Grandparents have lives too. It’s great that she helped you after the birth, but what have you done since then to facilitate a relationship between her and her grandchild? Do you do an 8 hour round journey to see your mum or is it all one way? This time of the year she probably does have commitments that she doesn’t want to renege on, would you travel 4 hours to see her in December if she was laid low with D and V? The issue here is your husband and his unavailability, not that of your wider family.

Pipstelle · 14/12/2019 16:05

YBVU to ask anyone to come help when a child has a sickness bug, especially in the run up to Christmas.

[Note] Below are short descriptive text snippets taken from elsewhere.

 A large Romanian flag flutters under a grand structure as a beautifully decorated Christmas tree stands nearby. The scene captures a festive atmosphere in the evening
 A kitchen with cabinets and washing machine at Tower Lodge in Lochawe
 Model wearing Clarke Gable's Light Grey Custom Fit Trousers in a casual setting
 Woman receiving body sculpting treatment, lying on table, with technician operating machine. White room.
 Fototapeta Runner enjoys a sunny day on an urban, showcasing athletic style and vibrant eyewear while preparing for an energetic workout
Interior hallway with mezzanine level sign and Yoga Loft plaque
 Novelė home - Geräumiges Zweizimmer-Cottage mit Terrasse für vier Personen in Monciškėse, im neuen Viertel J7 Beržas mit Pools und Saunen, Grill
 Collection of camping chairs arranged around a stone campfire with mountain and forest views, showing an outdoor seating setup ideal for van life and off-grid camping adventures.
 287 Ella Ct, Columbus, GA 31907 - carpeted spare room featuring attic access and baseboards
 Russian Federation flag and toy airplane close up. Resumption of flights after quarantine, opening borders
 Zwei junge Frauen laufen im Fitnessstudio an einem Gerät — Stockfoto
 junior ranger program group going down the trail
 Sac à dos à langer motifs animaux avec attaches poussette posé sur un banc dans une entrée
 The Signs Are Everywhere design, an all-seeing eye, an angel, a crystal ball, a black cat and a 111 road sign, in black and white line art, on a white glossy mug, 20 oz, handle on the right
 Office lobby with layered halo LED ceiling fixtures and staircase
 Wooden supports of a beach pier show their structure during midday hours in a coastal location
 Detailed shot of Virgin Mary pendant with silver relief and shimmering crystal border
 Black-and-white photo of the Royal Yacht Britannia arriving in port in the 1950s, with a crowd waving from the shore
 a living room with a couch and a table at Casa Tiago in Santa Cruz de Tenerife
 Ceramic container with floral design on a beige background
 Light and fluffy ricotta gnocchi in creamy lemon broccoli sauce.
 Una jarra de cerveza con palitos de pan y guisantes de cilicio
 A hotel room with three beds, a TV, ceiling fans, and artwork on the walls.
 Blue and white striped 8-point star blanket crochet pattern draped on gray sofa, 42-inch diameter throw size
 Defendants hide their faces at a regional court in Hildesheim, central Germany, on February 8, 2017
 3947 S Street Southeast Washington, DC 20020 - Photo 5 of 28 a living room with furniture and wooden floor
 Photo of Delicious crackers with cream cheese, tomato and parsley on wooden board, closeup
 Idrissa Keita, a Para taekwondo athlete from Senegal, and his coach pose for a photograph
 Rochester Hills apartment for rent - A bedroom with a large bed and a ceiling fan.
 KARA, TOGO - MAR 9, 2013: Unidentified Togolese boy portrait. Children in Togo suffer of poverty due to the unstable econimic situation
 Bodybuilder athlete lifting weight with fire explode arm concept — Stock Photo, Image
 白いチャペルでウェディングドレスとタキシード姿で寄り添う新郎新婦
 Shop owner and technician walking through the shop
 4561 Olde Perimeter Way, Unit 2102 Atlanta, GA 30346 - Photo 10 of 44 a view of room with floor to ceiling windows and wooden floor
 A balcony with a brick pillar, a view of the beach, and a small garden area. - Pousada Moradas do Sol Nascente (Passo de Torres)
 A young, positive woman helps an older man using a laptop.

It's hard OP but it's just on the parents when this happens. It will get easier but if you're strugglingahbe leave it at 1 kid.

Ash39 · 14/12/2019 16:06

These threads never go down too well. You come across a bit entitled. What about the single parents? Or the ones will multiple children and no grandparents, or those that have lost them.
Life sucks sometimes. But the illness won't last forever. Get some rest and take it as easy as you can. It's also selfish to expect your mum to help when your child has a bad bug like that.

NoSauce · 14/12/2019 16:07

Does MIL live nearer, could she help a bit?

Billben · 14/12/2019 16:08

Your DM has raised one very entitled child

LeekMunchingSheepShagger · 14/12/2019 16:08

I do feel for you op. It’s pretty miserable being stuck inside with an ill child. You really can’t expect your mum to expose herself to a highly contagious bug though, especially not this close to Christmas.

PepePig · 14/12/2019 16:08

Mumsnet. The place where you have to struggle and be a martyr 24/7. Yawn.

Emeraldshamrock · 14/12/2019 16:09

I think she should have offed some more emotional support though
Once married with DC it is your spouse you need support from.
I get he works away but surely he needs to help out more especially if DD has a 2 week bug. He'd have to if you were hospitalised. He is getting off parenting work or not.

TuttiCutie · 14/12/2019 16:09

I feel for you, you have a sick child, it's been 2 weeks, you're exhausted.

But YABU.

Why isn't your H taking some annual leave or parental leave if you need a break?

I take it you're not planning on having any more children as you're struggling so much with just the one?

I think your H needs to step up here, not your mum.